On Friday 27 April 2012 16:19:43 Jim Chandler wrote:
> Hi Lewis,
>
> The idea is to move some of the processing from indexing to parsing, hoping
> to limit the latency on Solr.
>
> I've looked at the wiki, and it may be me, I am having a difficult time
> understanding the process as a whole. I am very unfamiliar with crawling,
> parsing and indexing. I'm just trying to understand how everything works
> together and at which point the plugins are run.
>
> Thanks,
> Jim
>
> On Thu, Apr 26, 2012 at 4:49 PM, Lewis John Mcgibbney <
>
> [EMAIL PROTECTED]> wrote:
> > Hi Jim,
> >
> > On Thu, Apr 26, 2012 at 2:23 PM, Jim Chandler <[EMAIL PROTECTED]>
> >
> > wrote:
> > > I am in the
> > > process of trying to change a plugin from an IndexingFilter to a
> > > Parser.
> >
> > Personally I wouldn't do this, I would pick up an existing parser and
> > edit it into another parser!

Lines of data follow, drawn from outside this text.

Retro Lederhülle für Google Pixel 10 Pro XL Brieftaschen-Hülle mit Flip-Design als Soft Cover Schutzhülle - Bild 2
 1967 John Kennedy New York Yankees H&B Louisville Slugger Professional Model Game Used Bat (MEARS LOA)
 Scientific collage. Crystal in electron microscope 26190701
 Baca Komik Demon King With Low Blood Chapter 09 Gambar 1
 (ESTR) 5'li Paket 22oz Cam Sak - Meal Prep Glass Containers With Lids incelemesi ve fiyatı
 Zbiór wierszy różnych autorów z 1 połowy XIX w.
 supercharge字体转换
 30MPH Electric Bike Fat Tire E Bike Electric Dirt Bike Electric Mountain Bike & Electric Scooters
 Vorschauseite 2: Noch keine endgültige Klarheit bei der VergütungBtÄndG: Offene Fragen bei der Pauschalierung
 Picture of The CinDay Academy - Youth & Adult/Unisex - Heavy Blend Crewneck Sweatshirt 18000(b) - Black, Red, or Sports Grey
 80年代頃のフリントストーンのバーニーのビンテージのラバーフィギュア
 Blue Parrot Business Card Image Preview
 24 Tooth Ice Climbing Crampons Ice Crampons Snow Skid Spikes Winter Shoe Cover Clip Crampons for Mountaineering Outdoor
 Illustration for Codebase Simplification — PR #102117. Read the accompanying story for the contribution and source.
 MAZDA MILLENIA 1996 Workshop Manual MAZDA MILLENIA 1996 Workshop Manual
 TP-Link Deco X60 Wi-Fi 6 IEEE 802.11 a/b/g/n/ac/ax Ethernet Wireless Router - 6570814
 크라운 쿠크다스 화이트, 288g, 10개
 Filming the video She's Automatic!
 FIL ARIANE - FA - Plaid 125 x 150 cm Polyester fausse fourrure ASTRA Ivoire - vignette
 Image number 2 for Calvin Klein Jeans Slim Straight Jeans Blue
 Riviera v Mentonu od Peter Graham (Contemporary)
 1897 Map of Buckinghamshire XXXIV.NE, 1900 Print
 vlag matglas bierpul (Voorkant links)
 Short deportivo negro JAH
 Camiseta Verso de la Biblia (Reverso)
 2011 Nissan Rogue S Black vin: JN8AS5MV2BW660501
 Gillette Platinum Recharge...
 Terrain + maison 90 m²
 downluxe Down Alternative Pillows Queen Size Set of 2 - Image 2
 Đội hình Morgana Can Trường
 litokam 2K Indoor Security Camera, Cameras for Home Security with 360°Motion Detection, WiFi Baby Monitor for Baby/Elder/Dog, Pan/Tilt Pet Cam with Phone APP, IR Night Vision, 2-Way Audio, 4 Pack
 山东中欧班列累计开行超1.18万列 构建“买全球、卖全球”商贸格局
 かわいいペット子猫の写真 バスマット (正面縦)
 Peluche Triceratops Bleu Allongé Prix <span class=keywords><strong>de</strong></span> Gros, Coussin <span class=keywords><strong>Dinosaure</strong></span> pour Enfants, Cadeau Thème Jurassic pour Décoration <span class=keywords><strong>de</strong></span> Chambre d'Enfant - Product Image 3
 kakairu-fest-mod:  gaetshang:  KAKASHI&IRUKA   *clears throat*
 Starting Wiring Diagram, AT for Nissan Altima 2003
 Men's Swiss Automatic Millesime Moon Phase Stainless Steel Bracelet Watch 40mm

Do you have any specific reasons for
> > doing this the other way around?
> >
> > > am having difficultying understanding where in the nutch process each
> > > one of these is run.
> >
> > Well the parser is run once you have fetched your pages and you wish
> > to extract content from them.
> > The indexingfilter is used when you wish to send things to be indexed
> > in some sort of custom manner.
> >
> > > Does anyone have any recommendations of sites or books that would be
> > >
> > > helpful?
> >
> > What I think your speaking about is getting up to speed with plugins;
> > how they are used, what they comprise of, and how they can be built to
> > solve your domain specific problems.
> >
> > Check out our wiki, it's the best source of Nutch info on the web...
> >
> >
http://wiki.apache.org/nutch/> >
http://wiki.apache.org/nutch/PluginCentral> >
> > hth
> >
> > Lewis
> >
> >
> >
> > --
> > Lewis
--
Markus Jelsma - CTO - Openindex